A bone of an animal contains $\frac{1}{10}$mol of the carbon when it dies.

(a) How many carbon-14 atoms would be left after 200,000 years?

(b) Is carbon-14 dating useful to predict the age of such an old bone? Explain.

It’s given that t = 200,000 y

As we know, the Mathematical expression for the half-life is given by:

$t_{\frac{1}{2}}=\frac{0.693}{\lambda }$ ………….. (1)

Where $\lambda$disintegration constant.

Expression for the activity of radioactivity sample is given by:

$R=\lambda N$ ………………. (2)

And radioactive decay equation is given by:

$N=N_0{e}^{-\lambda t}$

The number of carbon atoms can be calculated by using the following question

$N_0=\frac{w}{M}{N}_A$

Out of$\frac{\text{1}}{\text{10}}$mol of carbon atoms can be calculated by using the following equation.

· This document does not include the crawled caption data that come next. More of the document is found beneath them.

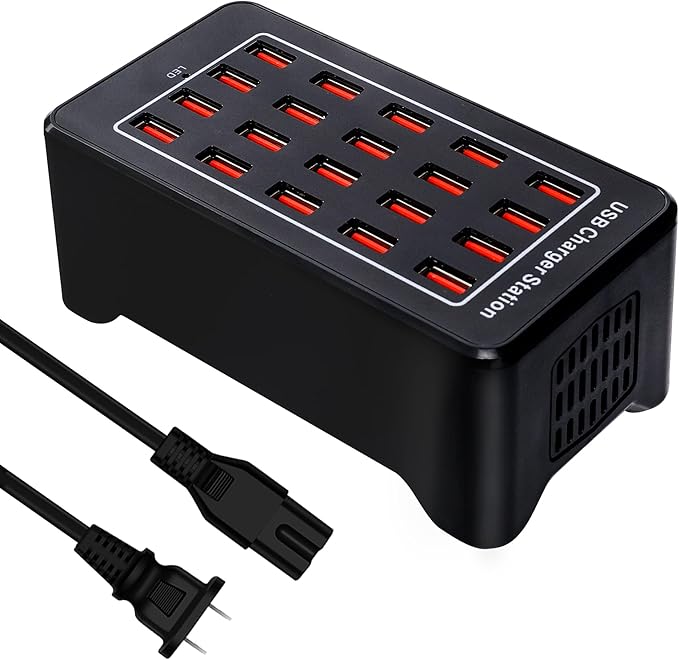 20-Port Desktop USB Charging Station - 100W Multi-Function Smart Charger by Wyssay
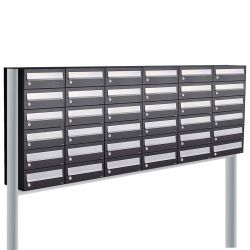 Brievenbusunit Hive set vrijstaand 6-breed, 6-hoog - zwart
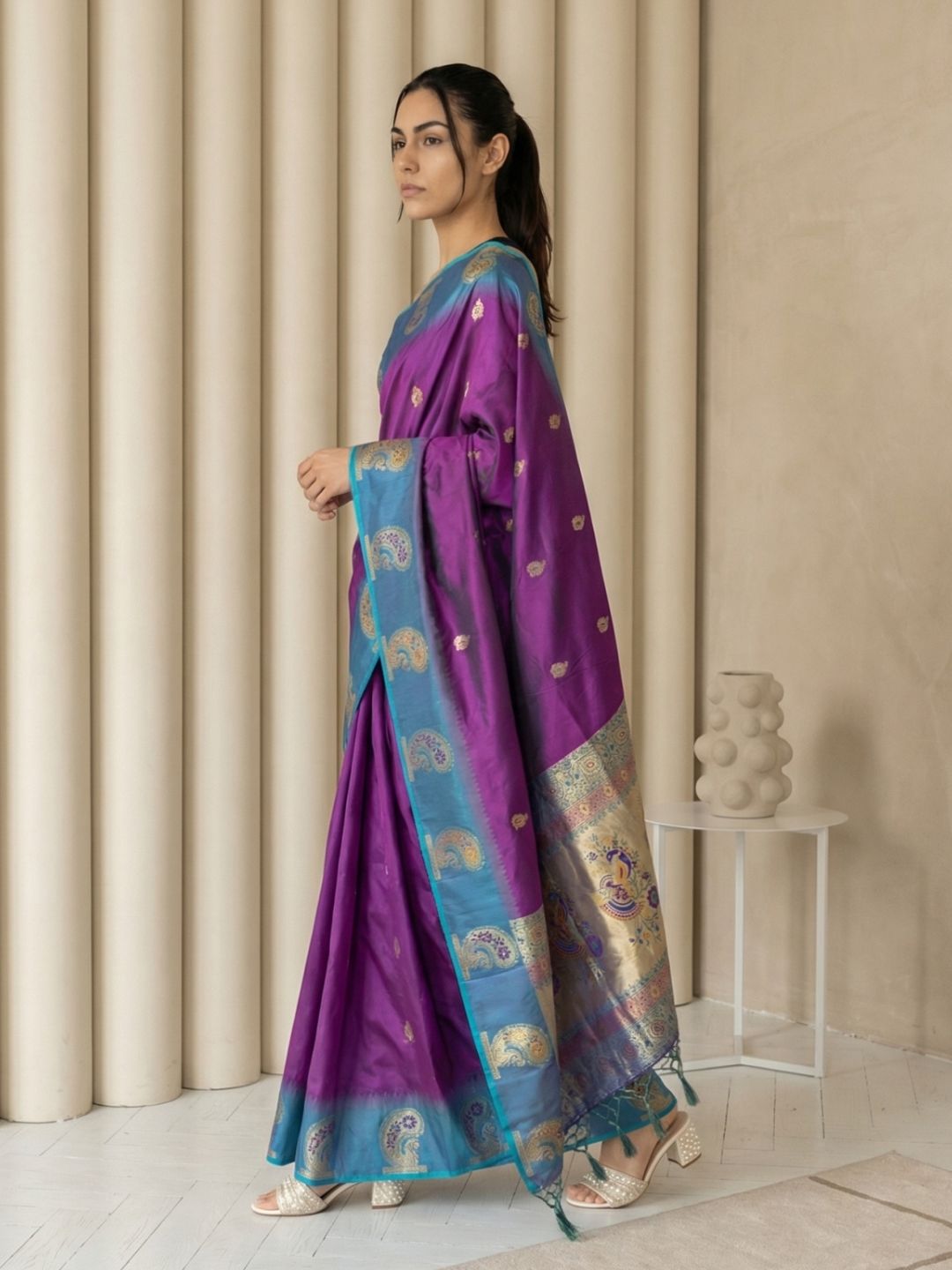 Purple Soft Silk Paithani Saree Meenakari Peacock Motifs Zari Woven Swan Pallu Saree With Brocade Blouse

Substitute 1.0 g for w, 10g/mol for M and $\text{6.023}\times {\text{10}}^{\text{23}}$for${\text{N}}_{\text{A}}$in the above equation, and we get,

$\begin{array}{rcl}{N}_0& =& \frac{1g}{10g/mol}(6.02\times {10}^{23}/mol)\\ & =& 5.02\times {10}^{22}\\ & & \end{array}$

The number of atoms is:

$\begin{array}{rcl}N& =& 6.02\times {10}^{22}\times 1.3\times {10}^{-12}\\ & =& 7.83\times {10}^{10}\\ & & \end{array}$

The relation between half-life and decay constant as:

$\lambda =\frac{In2}{T_{1/2}}$

Substitute 5730 y for${\text{T}}_{\text{1/2}}$ in the above equation, we get:

$\begin{array}{rcl}\lambda & =& \frac{In2}{5730y}\\ & =& 1.21\times {10}^{-4}{y}^{-1}\\ & & \end{array}$

In 200,000 y, the number of the particle will change according to:

$\begin{array}{rcl}{N}_1& =& N_0{e}^{-\lambda t}\\ & =& 7.83\times {10}^{10}{e}^{-1.21\times {10}^{-4}{y}^{-1}\times 200,000y}\\ & =& 2.42\\ & & \end{array}$

There are $\text{7.83}\times {\text{10}}^{\text{10}}$particles of carbon-14 datingto predict the age of old bone, so around 2.42 atoms will be left.

Carbon-14 is not particularly good for dating anything this old since the carbon-14 atoms left are a relatively small fraction of the original atoms, making measurements difficult.